▶ _Problem to solve_
Find the line with "Nilco 70 Alcohol" in the records below. Copy it and every line after it, up to and including the line with "Stylish Oversized Button-Down".

[Task data Boundary: Start]

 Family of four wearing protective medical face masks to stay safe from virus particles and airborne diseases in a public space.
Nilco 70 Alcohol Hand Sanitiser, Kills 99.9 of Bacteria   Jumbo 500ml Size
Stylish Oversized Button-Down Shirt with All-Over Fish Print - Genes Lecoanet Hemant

[Task data Boundary: End]
[Task data Boundary: Start]

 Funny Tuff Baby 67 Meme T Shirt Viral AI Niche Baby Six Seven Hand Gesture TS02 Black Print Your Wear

[Task data Boundary: End]

▶ _Answer space_
Nilco 70 Alcohol Hand Sanitiser, Kills 99.9 of Bacteria   Jumbo 500ml Size
Stylish Oversized Button-Down Shirt with All-Over Fish Print - Genes Lecoanet Hemant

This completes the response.